If you don’t know what sitemap is – here is a quote from Google site:
The Sitemap Protocol allows you to inform search engines about URLs on your websites that are available for crawling. In its simplest form, a Sitemap that uses the Sitemap Protocol is an XML file that lists URLs for a site. The protocol was written to be highly scalable so it can accommodate sites of any size. It also enables webmasters to include additional information about each URL (when it was last updated; how often it changes; how important it is in relation to other URLs in the site) so that search engines can more intelligently crawl the site.
Here is a sample sitemap for a taste, if you want to know more, be sure to read protocol specification.
<?xml version="1.0" encoding="UTF-8"?>
<urlset xmlns="http://www.google.com/schemas/sitemap/0.84">
<url>
<loc>http://www.example.com/</loc>
<lastmod>2005-01-01</lastmod>
<changefreq>monthly</changefreq>
<priority>0.8</priority>
</url>
</urlset>
If you wan’t to see the real thing, you can take a look at my blogs sitemap: http://www.vidmar.net/weblog/sitemap.ashx
The whole thing is implement as a custom HttpHandler. Let’s do the registration of custom handler at the beginning so we don’t forget it. Put something like this in your web.config HandlerConfiguration section:
<HttpHandler pattern="Sitemap.ashx" type="Subtext.Web.SiteMap.SiteMapHttpHandler, Subtext.Web" handlerType="Direct"/>
I could use XmlWritter or even use WriteLine() method to generate Xml content (some other implementations you’ll find on the net use that approach), but I decided to do it "the right way". I represented the base Url structure with a class and collection as a List<>, decorated those with some Xml serialization attributes so that the class and members names are violating good naming practices.
[XmlElementAttribute(ElementName = "lastmod", DataType="date")]

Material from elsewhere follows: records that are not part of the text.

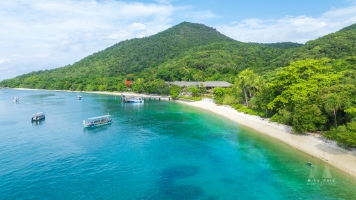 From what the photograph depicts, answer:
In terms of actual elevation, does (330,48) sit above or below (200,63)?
above

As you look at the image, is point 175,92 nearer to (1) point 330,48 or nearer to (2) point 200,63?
(2) point 200,63

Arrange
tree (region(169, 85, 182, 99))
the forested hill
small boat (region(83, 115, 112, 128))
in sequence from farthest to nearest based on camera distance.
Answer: the forested hill
tree (region(169, 85, 182, 99))
small boat (region(83, 115, 112, 128))

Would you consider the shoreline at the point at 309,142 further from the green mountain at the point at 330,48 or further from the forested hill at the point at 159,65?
the forested hill at the point at 159,65

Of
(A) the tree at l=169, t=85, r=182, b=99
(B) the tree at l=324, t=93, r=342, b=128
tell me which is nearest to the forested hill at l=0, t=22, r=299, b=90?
(A) the tree at l=169, t=85, r=182, b=99

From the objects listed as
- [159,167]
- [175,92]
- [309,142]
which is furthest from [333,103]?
[175,92]

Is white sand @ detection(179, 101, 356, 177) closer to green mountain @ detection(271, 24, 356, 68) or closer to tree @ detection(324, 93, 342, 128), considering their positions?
tree @ detection(324, 93, 342, 128)

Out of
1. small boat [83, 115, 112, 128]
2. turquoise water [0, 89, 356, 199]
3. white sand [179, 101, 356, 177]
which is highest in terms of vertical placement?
small boat [83, 115, 112, 128] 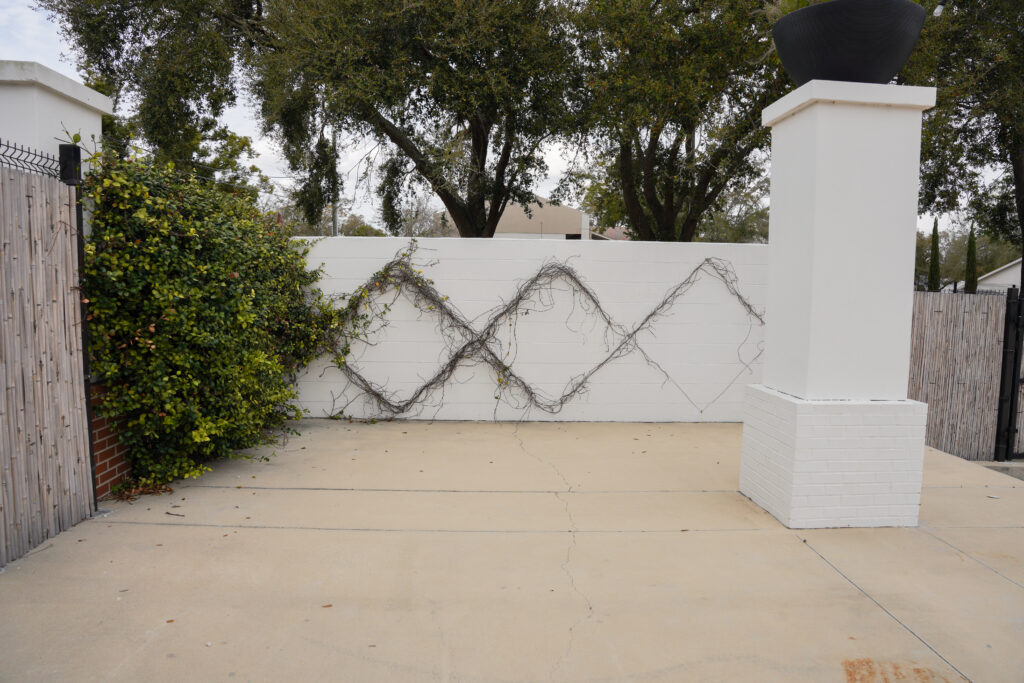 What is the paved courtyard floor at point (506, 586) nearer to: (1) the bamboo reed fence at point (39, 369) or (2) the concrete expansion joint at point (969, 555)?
(2) the concrete expansion joint at point (969, 555)

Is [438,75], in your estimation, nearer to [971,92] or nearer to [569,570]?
[569,570]

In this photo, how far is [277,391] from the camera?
20.2 ft

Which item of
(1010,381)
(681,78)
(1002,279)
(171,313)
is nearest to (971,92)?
(681,78)

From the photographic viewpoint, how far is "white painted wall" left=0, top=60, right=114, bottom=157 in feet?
13.3

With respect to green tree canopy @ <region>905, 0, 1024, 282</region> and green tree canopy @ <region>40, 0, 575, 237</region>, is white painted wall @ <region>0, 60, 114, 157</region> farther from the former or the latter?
green tree canopy @ <region>905, 0, 1024, 282</region>

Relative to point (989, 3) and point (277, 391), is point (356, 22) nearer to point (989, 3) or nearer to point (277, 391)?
point (277, 391)

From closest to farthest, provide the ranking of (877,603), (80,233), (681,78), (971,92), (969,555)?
(877,603), (969,555), (80,233), (681,78), (971,92)

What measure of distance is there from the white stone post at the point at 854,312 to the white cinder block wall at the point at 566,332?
3092 millimetres

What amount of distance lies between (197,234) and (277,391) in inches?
74.7

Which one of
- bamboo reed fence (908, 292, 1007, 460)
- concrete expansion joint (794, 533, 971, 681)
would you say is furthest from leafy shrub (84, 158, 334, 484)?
bamboo reed fence (908, 292, 1007, 460)

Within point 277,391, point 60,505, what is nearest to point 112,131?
point 277,391

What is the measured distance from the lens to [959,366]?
7555mm

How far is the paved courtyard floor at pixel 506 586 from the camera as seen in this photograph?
2.81 m

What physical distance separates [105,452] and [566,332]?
4353 millimetres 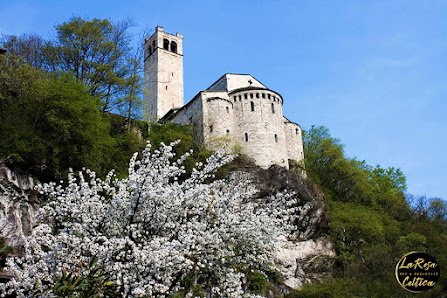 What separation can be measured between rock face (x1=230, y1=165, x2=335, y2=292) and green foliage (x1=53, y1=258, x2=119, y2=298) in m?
21.8

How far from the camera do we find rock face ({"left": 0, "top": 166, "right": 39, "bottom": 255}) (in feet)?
61.8

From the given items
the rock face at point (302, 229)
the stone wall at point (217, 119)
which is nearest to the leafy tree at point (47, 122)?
the rock face at point (302, 229)

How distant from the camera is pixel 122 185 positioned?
495 inches

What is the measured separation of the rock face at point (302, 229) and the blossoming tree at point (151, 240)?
61.1 feet

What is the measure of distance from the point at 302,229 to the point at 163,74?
99.4 feet

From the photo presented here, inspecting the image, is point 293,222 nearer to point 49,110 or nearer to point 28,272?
point 49,110

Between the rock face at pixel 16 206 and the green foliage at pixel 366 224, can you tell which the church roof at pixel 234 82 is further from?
the rock face at pixel 16 206

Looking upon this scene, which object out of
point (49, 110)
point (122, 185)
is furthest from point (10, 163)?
point (122, 185)

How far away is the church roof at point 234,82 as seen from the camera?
43.5 metres

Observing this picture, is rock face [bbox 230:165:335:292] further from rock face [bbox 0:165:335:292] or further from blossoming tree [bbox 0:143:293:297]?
blossoming tree [bbox 0:143:293:297]

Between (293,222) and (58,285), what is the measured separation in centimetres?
2548

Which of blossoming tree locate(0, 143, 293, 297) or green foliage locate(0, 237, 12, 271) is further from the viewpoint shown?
green foliage locate(0, 237, 12, 271)

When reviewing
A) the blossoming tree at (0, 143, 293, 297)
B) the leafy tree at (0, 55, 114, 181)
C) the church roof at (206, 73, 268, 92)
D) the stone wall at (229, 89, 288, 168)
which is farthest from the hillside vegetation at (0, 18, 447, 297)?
the blossoming tree at (0, 143, 293, 297)

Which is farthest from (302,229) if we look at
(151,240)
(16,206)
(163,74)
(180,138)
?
(163,74) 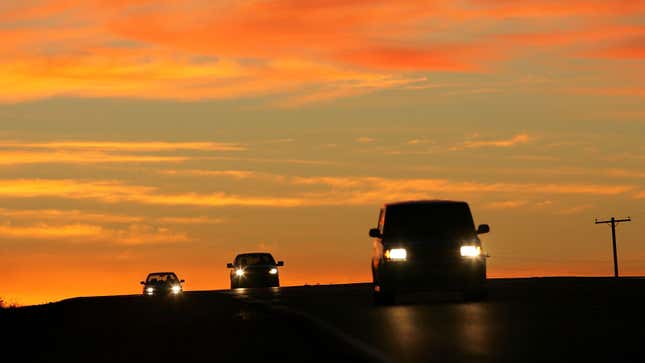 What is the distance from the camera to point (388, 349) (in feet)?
53.1

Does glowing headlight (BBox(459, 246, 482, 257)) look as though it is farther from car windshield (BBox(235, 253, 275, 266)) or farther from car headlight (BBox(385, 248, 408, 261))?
car windshield (BBox(235, 253, 275, 266))

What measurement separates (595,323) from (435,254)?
919 centimetres

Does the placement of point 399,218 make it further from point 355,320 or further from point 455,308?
point 355,320

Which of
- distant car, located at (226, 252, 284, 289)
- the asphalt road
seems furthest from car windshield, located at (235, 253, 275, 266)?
the asphalt road

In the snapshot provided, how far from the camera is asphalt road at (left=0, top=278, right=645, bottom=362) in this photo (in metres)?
15.5

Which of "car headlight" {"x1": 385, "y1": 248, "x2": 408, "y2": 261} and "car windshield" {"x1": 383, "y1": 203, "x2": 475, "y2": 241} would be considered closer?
"car headlight" {"x1": 385, "y1": 248, "x2": 408, "y2": 261}

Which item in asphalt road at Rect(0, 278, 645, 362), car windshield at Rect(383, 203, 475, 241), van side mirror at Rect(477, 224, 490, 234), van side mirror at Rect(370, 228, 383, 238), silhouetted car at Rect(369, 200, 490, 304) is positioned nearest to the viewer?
asphalt road at Rect(0, 278, 645, 362)

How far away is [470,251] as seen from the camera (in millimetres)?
28516

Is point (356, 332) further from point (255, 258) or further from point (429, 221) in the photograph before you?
point (255, 258)

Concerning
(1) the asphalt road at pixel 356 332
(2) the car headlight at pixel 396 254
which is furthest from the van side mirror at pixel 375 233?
(1) the asphalt road at pixel 356 332

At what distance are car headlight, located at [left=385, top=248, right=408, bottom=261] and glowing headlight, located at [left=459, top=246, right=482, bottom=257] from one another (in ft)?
4.06

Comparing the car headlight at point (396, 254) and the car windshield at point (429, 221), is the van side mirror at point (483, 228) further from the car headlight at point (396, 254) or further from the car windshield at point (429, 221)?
the car headlight at point (396, 254)

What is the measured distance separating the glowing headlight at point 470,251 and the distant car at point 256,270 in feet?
89.8

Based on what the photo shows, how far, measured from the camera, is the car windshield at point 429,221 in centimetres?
2917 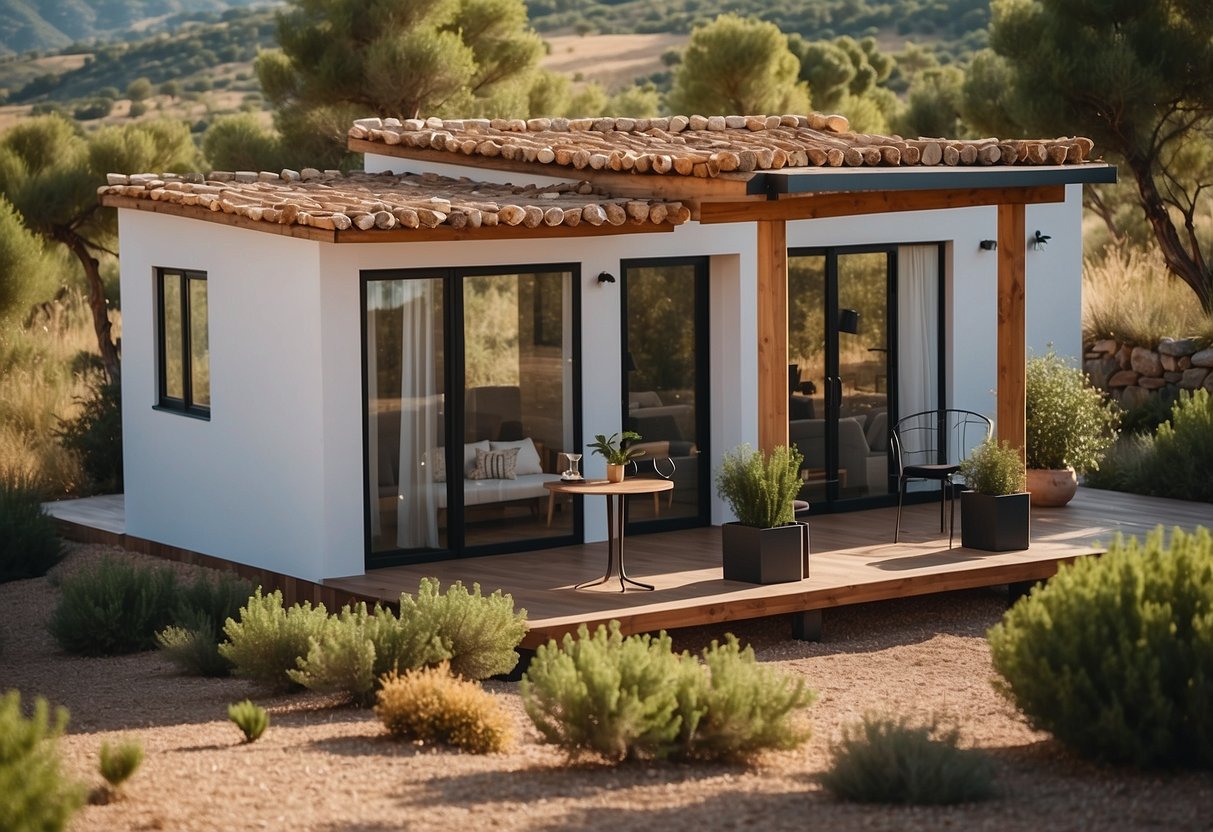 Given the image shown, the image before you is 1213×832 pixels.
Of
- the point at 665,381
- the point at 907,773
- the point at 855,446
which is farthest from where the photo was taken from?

public DateTime LastModified
{
get { return lastModified; }
set { lastModified = value; }
}
When needed I XmlSerialize the class and I get just the right output. Here is a sample – “lastmod” field:
XmlSerializer serializer = new XmlSerializer(typeof(UrlCollection));
XmlTextWriter xmlTextWriter = new XmlTextWriter(context.Response.OutputStream, Encoding.UTF8);
serializer.Serialize(xmlTextWriter, urlCollection);
Usage of the class is really simple... Create instance, fill UrlList with the pages you want to report to google, figure out your priorities and last changed dates and you're set - submit your sitemap to Google and start enjoying better indexation! (is that a even a word?!)
UrlCollection urlCollection = new UrlCollection();
// Let's add home page
Url homePage = new Url(Config.CurrentBlog.HomeFullyQualifiedUrl, DateTime.Now, ChangeFrequency.Daily, 1.0M);
urlCollection.Add(homePage);
And that’s it. I wanted to implement it on si.blogs tonight but I realized it’s .NET 1.1. Bummer. Well, some other winter night, I guess.